(615c) Hybrid-AI Based Modelling of Pressure Swing Adsorption

Modelling and optimization of pressure swing adsorption (PSA) cycles are inherently complex owing to their cyclic nature and flexible process design. The existing mathematical models based on mass, momentum and energy balances resulting in a system of nonlinear coupled partial differential equations (PDEs) are computationally expensive to solve in order to simulate PSA cycles until cyclic steady state. The burden of cyclic steady state makes simulation and optimization of processes even more complex. With the growth in number of adsorbents for a particular separation, there is an increasing need to develop faster adsorption process simulators. It is also critical that the faster models are amenable to development of various processes.

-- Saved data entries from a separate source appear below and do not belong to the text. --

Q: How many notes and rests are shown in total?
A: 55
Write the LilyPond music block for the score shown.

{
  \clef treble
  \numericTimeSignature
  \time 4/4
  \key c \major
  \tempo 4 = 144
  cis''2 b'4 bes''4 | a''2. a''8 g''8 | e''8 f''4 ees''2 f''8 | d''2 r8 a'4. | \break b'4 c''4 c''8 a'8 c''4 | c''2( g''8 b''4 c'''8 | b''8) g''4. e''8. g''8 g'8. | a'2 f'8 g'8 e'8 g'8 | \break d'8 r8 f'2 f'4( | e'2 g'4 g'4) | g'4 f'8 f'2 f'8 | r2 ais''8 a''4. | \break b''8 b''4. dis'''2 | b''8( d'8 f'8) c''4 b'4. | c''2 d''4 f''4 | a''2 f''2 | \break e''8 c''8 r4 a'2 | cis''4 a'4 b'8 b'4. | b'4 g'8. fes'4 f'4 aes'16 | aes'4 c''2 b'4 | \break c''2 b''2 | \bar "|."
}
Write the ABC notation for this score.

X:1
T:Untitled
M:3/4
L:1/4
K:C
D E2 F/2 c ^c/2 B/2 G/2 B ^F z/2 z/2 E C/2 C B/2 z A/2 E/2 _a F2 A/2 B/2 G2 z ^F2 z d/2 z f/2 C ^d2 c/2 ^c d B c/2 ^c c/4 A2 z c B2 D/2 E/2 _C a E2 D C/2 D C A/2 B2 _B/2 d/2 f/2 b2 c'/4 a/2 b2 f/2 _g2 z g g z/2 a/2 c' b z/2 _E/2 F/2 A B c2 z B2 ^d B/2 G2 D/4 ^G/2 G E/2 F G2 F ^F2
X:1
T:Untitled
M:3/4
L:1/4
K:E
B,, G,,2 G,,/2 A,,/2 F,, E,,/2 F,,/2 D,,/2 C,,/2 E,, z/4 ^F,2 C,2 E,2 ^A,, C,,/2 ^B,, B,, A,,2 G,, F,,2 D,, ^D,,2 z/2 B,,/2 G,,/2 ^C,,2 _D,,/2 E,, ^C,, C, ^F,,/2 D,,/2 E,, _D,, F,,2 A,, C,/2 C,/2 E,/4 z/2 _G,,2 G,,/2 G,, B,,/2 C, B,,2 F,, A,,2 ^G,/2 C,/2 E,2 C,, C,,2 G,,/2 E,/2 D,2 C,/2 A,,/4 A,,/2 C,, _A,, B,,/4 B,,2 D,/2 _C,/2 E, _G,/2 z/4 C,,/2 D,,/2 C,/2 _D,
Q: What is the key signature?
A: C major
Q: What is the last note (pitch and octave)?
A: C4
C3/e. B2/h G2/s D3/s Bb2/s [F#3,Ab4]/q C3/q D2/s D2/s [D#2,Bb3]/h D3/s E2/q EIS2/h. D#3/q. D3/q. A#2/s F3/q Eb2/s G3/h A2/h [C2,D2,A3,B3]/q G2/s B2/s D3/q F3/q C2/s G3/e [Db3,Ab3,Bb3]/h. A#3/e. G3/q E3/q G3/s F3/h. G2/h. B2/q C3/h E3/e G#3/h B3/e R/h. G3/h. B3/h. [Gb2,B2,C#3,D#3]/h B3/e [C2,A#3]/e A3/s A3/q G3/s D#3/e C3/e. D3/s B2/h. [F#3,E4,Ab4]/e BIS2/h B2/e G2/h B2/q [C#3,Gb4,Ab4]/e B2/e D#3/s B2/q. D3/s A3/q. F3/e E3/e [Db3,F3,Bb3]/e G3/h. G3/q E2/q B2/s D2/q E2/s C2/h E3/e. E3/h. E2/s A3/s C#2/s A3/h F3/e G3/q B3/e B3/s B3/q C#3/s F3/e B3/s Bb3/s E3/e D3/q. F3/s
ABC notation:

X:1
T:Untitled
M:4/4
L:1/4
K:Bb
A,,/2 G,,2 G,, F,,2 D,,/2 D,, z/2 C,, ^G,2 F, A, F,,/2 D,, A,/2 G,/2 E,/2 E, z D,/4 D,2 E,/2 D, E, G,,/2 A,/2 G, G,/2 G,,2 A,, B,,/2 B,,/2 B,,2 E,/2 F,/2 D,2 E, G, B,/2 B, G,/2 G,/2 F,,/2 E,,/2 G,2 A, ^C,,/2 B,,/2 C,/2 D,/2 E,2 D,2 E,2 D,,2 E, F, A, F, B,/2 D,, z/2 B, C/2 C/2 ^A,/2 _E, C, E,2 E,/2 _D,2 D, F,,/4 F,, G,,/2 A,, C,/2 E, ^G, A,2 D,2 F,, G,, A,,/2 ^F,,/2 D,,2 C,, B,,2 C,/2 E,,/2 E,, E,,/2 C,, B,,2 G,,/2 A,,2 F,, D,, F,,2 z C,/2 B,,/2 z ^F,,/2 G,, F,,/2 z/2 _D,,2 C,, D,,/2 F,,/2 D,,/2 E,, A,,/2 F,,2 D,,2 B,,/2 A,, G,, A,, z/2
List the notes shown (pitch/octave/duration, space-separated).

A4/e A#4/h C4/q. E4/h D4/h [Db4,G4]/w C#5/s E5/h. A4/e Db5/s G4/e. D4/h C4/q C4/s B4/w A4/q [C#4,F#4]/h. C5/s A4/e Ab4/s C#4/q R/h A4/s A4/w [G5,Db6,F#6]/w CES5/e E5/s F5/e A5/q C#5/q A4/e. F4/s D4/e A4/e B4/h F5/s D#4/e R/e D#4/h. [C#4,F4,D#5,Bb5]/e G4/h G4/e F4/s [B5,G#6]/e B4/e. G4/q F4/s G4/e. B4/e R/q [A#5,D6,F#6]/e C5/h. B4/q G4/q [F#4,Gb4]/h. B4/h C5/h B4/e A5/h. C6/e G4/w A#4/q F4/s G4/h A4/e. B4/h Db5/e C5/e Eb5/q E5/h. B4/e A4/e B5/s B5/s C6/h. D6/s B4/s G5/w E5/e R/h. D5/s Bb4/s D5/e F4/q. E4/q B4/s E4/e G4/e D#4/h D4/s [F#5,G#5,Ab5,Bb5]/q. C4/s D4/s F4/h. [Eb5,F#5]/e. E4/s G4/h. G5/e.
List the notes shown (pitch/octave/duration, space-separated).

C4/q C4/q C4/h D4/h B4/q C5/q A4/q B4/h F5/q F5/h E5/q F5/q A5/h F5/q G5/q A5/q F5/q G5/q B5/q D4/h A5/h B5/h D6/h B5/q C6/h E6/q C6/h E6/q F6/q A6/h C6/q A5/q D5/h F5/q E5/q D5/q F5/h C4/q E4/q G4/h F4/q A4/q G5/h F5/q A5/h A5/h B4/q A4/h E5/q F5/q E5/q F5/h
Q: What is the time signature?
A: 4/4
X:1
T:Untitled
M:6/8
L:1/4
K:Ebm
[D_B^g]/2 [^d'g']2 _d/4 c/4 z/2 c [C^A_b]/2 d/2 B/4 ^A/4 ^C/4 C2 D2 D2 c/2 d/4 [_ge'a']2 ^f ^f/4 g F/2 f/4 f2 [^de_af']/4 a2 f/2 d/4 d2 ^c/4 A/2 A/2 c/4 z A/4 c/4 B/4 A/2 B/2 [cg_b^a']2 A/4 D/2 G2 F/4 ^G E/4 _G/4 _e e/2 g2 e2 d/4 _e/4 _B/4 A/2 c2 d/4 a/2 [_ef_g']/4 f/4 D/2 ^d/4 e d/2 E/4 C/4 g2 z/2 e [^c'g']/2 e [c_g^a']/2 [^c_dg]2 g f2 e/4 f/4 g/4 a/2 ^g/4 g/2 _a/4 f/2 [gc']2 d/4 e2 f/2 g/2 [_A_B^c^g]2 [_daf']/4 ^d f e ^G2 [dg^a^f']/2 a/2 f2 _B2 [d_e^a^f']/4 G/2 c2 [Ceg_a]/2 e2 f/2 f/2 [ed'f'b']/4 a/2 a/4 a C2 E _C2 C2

This study focuses on developing a faster modelling approach that incorporates both machine learning and underlying physical laws to accurately simulate the PSA cycle. Neural networks are utilized to fully predict the spatiotemporal profiles of different PSA constituent steps. To this end, neural network models were trained by using few spatiotemporal data points generated from the high-fidelity PSA model while enforcing the constraints of physical laws in the form of system of nonlinear PDEs [1]. As a result, the governing PDEs ensure model regularization and avoid over-fitting while increasing the generalization capabilities. Unique models were built for each type of constituent steps that are typically encountered in PSA cycles. Using the trained neural network for each constituent step, the PSA cycle is constructed and simulated until the CSS where predicted column profiles are directly used to calculate different PSA process performance indicators. The model’s performance is evaluated by comparing the CCS profiles with that of the high-fidelity PSA model at different operating conditions. At the meeting, the accuracy and reliability of this approach will be highlighted by considering the case of post-combustion CO₂ capture as an example.

References

[1] Raissi, M.; Perdikaris, P.; Karniadakis G.E. Physics-informed neural networks: A deep learning framework for solving forward and inverse problems involving nonlinear partial differential equations. J. Comput. Phys. 2019, 378, 686-707.